Jede dieser Gedankenwelten steht unter dem einem Banner: Das Ego. Oder vielmehr: Mein Ego, Ich und mein eigenes Drama. Im Angesicht der Dimension Schmeichelungen und Zärtlichkeiten, welche das Ego jedes Menschen tagtäglich erfährt, indem ihm durch Werbung, externe Statussymbole und allgemeiner Realitätsignorierung weisgemacht wird, er sei Kaiser und seine Kleider die schönsten von allen, wirkt eine Handlungsdevise, welche sich aus der Idee von einer untangiblen, abstrakten Struktur der Welt ergibt - Kosmischer Idealismus - beinahe verrückt. Doch wer folgt den klareren Gedanken ? Jemand, der eine unpopuläre "Wahrheit" erkennt, sich dieser Realität anpasst und zu ertragen vermag oder jener, welcher von der Welt verlangt, dass sie sich nach seinen Wünschen richtet ? Wer ist wirklich nicht bei Sinnen ?

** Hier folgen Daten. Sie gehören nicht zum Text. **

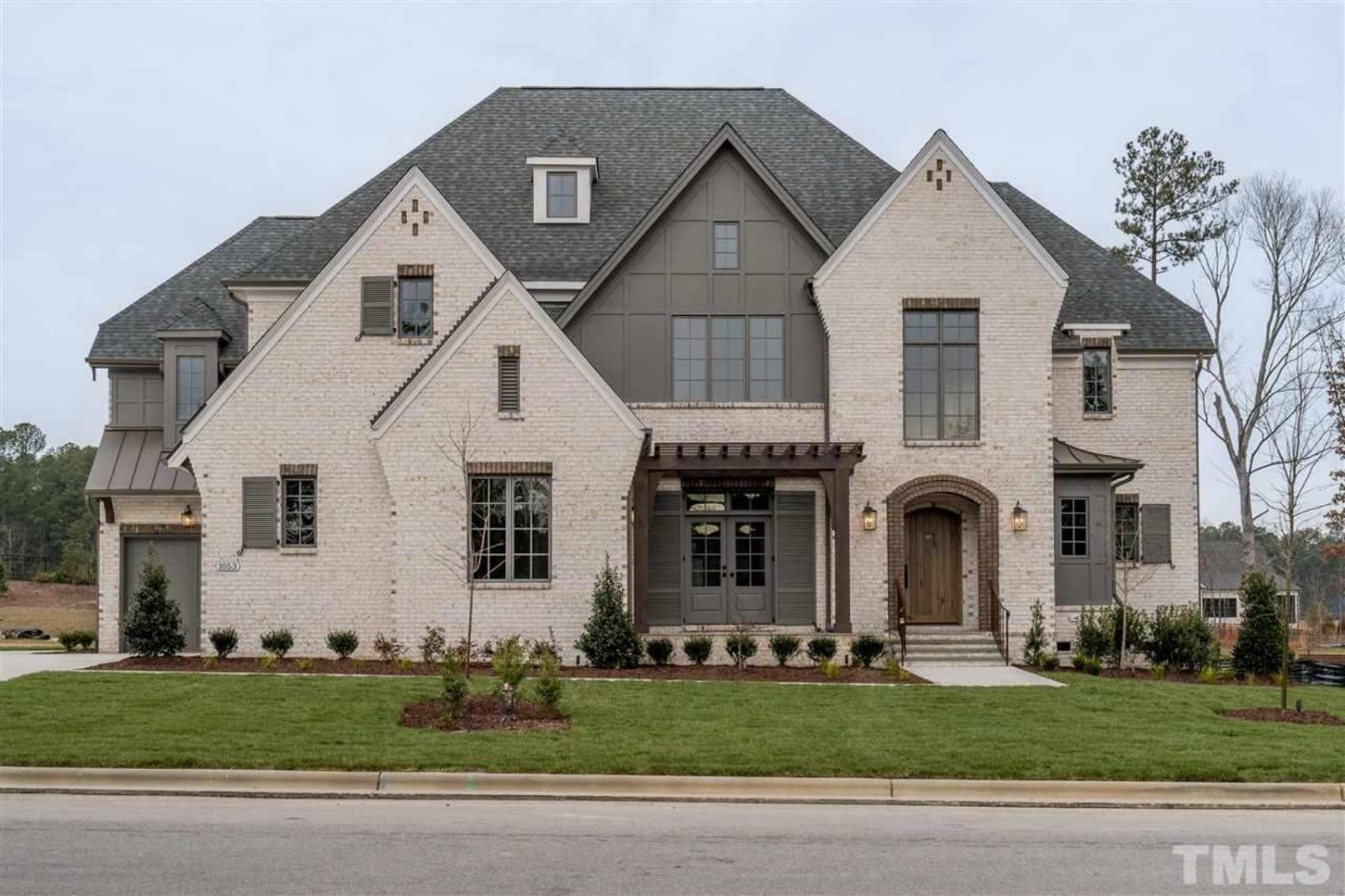 Elegant Tudor-Style House Plan with Luxurious Layout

Wahrheit, wie auch immer man sie definiert, ist etwas, was von vielen Menschen erkannt werden kann - theoretisch. Das bedeutet jedoch nicht, die Wahrheit ergäbe sich aus der Zahl ihrer Anhänger, also aus dem, worauf sich die meisten Menschen einigen, es verdiene die Bezeichnung "Wahrheit". Hinsichtlich einer nihilistischen Weltsicht ist "Wahrheit" die Struktur oder das Design nach dem unsere Welt aufgebaut ist, eine Beschreibung von Wirkungsmustern jenseits moralischer Werteabsolute - schlicht Realismus. Kosmischer Idealismus ist die Studie und die Schärfung unseres Wahrnehmungsvermögens hinsichtlich dieses Designs aus dessen Erkenntnis sich Werte und Handlungsmaßstäbe ableiten lassen, welche diese Struktur erhalten, sie pflegen und auf eine höheren Ordnungstufe zu erheben vermögen, setzt man sich dies als Aufgabe fest. Heroismus im Kontext dieser Philosophie bedeutet nach der Idee von einer kosmischen Ordnung und Ästhetik der Welt zu handeln und im Gegenzug Handlungen zu vermeiden, welche die Ordnung dieses Designs herabsetzen. In dieser Form des Heroismus also projiziert sich das kosmische Ideal in den Willen eines Helden und manifestiert sich in der realen Welt durch seine Taten. Oben genannte Paradigmen als Ausprägungen dogmatischen Anthropozentrismus' besitzen kein solches Ideal, keine Idee einer Struktur der Schöpfung und konzentrieren sich lediglich auf Materielles - den Menschen an sich, als höchstes Gut und Ziel seiner selbst, stets von sich aus los laufend, nur um bei sich wieder anzukommen.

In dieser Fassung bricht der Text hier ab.